Academic staff members at British Columbia’s newest university ratified their first collective agreement in April.
Negotiations for a contract covering the 650 members of Thompson Rivers University Faculty Association began in January and a tentative agreement was reached minutes before the province’s March 31 deadline for eligibility of signing bonuses.
Tom Friedman, the faculty association’s president, said negotiations in the final days of bargaining were “gruelling,” and he was glad to see agreement reached on key issues that had stalled talks.
He said while the union secured the signing bonus and significant improvements in salary scale, the biggest victory in the new four-year contract is the awarding of tenure to all full-time academic staff members who have passed through probation and three reviews. Academic staff still working toward the seven-year mark will also get tenure.

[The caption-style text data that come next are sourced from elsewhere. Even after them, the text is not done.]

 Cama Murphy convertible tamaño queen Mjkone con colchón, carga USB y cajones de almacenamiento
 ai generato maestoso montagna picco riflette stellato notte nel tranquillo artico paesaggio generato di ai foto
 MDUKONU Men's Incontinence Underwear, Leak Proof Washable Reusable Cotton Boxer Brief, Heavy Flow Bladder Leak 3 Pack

“This shows what fine quality people we have working here and also the continuity of the institution’s identity,” Friedman said.

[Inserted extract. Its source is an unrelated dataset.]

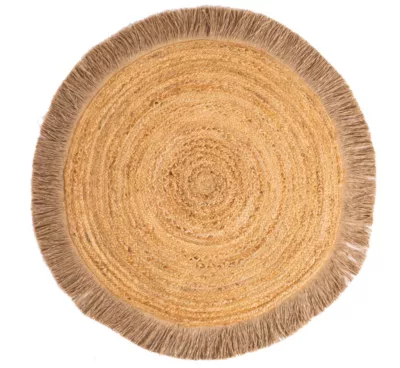 Tapis rond jute coloris naturel à franges ∅120 cm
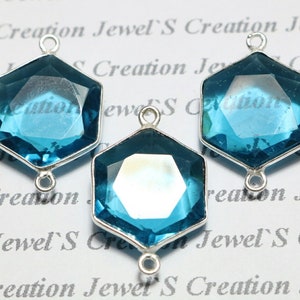 925 Sterling Silver Connector London Blue Topaz Quartz Faceted Cut Hexagon Shape Quality Gemstone Sterling Silver Connector 5 Pieces 16-12MM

Another major victory sees the university move toward collegial self-governance, as tenure, promotion and appointment procedures will be faculty-driven for the first time. Workloads will also change, as the departments set limits based on a wide range of factors, instead of the old model’s reliance on contact hours.
Contract academic staff also get major boosts as salary is moved to a pro rata model, and once members achieve continuing part-time appointments, they are eligible for yearly increments.
Thompson Rivers University was founded in 1970 as Cariboo College. It 1995 it legally became a university college, offering university degrees in cooperation with larger institutions, then a full-fledged university in 2005. TRU has campuses in Kamloops, Williams Lake and Burnaby and several regional centres in the B.C. Interior.